# Online Tide and Current charts



## paris (Aug 8, 2010)

I am looking for an online version of what I get with Eldridge's. Not just the tide times, but graphical current charts, that show all the currents on a map at different times. Does such a thing exist? Thanks, Paris


----------



## JimsCAL (May 23, 2007)

Scan the ones from Eldridge.


----------



## SVAuspicious (Oct 31, 2006)

Still tabular, but much better than Eldridge and with more current stations are the tables at Tidal Current Tables .


----------



## lshick (Apr 24, 2009)

Have a look at Sailflow.com, for example the Chesapeake.


----------



## SVAuspicious (Oct 31, 2006)

Nice graphics. Now I have to spend hours comparing the graphics on Sailflow with the tables on the NOAA site.
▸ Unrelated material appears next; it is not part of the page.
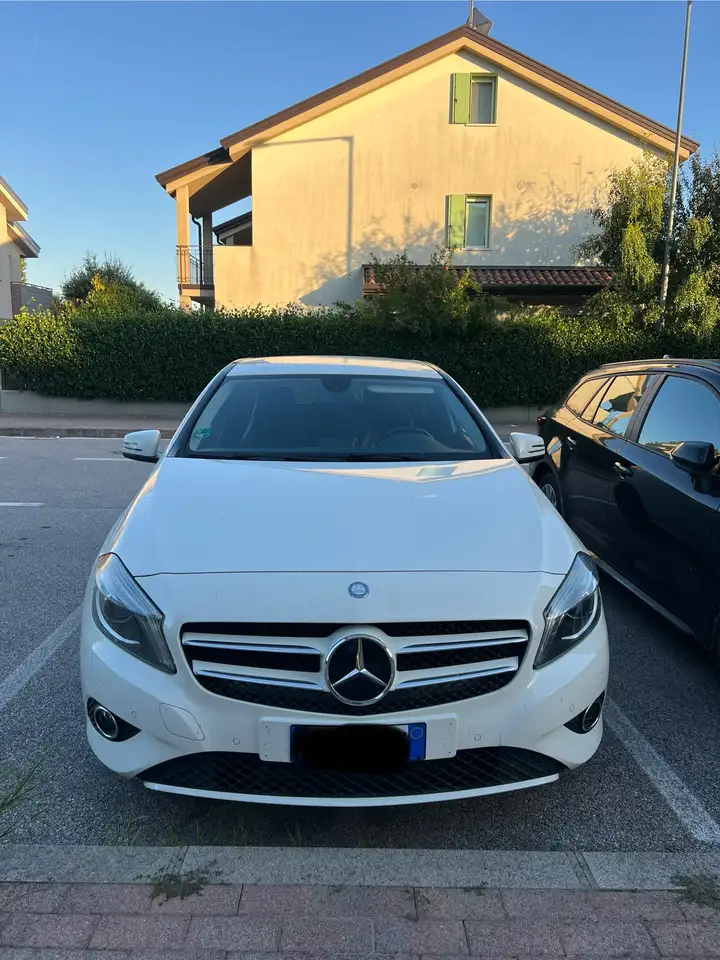 Mercedes-Benz A 180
It's ALL YOUR FAULT. You may have to take a call from my girl friend.


----------



## CalebD (Jan 11, 2008)

SVAuspicious said:


> Still tabular, but much better than Eldridge and with more current stations are the tables at Tidal Current Tables .
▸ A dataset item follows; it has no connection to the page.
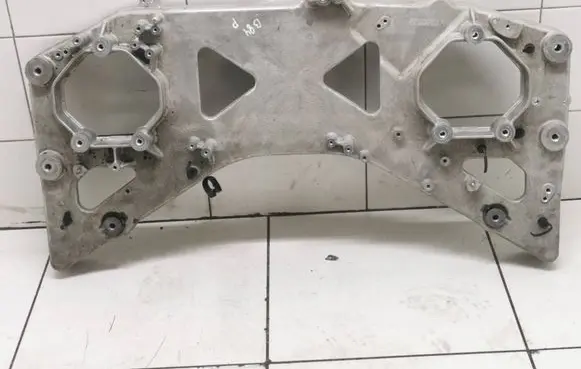 Polestar 2 Front subframe 32388621 230212b057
I think I have stumbled upon that before but thanks for that link. The tabular format is actually quite useful in some ways that the charts are not. Since it is all wind and weather driven it is a crap shoot at best but the 'average predictions' are quite helpful.
Thanks.


----------



## tommays (Sep 9, 2008)

Stevens Maritime Center: Urban Ocean Observatory

Good for NY and LIS and from real sensors


----------